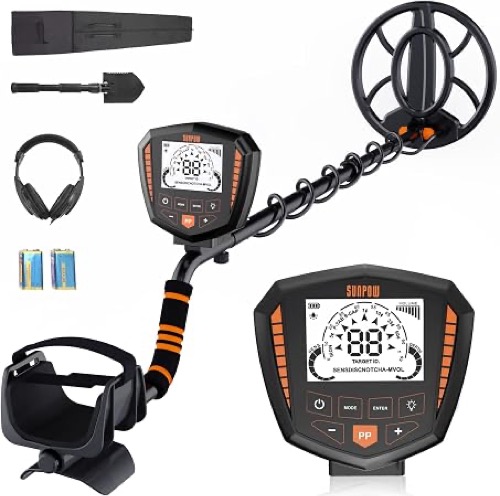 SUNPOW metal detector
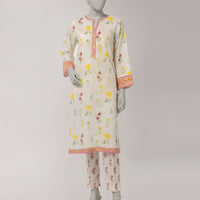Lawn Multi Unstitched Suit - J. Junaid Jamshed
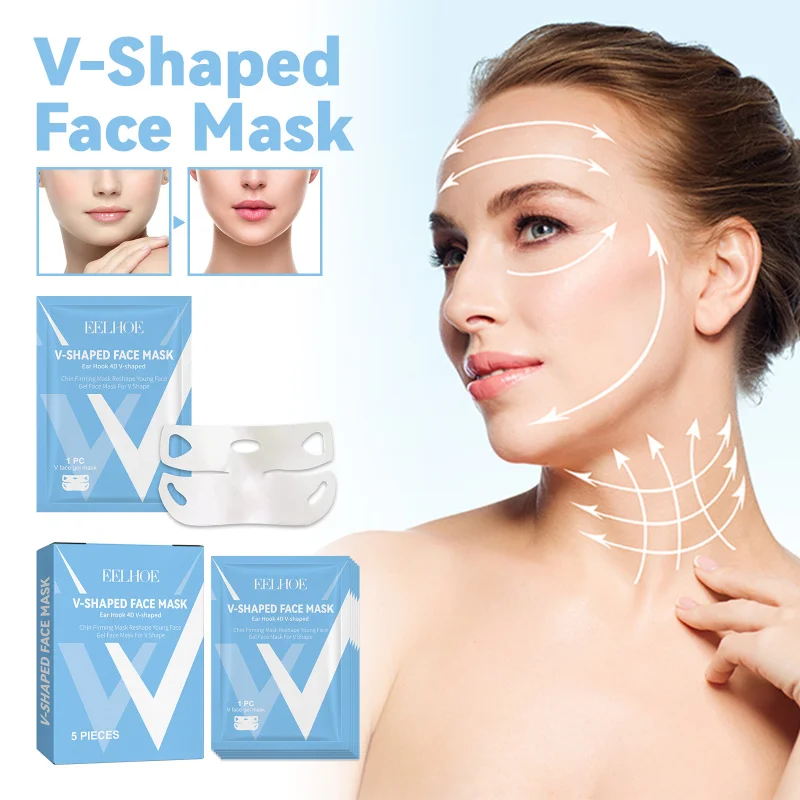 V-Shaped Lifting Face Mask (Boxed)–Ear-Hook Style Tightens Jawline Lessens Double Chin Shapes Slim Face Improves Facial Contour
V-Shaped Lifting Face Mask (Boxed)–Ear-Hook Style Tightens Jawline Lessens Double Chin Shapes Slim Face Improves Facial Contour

### What the task asks
Everything in the data above, apart from the pictures, should be retyped exactly.

### Result of this exercise
 SUNPOW metal detector
Lawn Multi Unstitched Suit - J. Junaid Jamshed
 V-Shaped Lifting Face Mask (Boxed)–Ear-Hook Style Tightens Jawline Lessens Double Chin Shapes Slim Face Improves Facial Contour
V-Shaped Lifting Face Mask (Boxed)–Ear-Hook Style Tightens Jawline Lessens Double Chin Shapes Slim Face Improves Facial Contour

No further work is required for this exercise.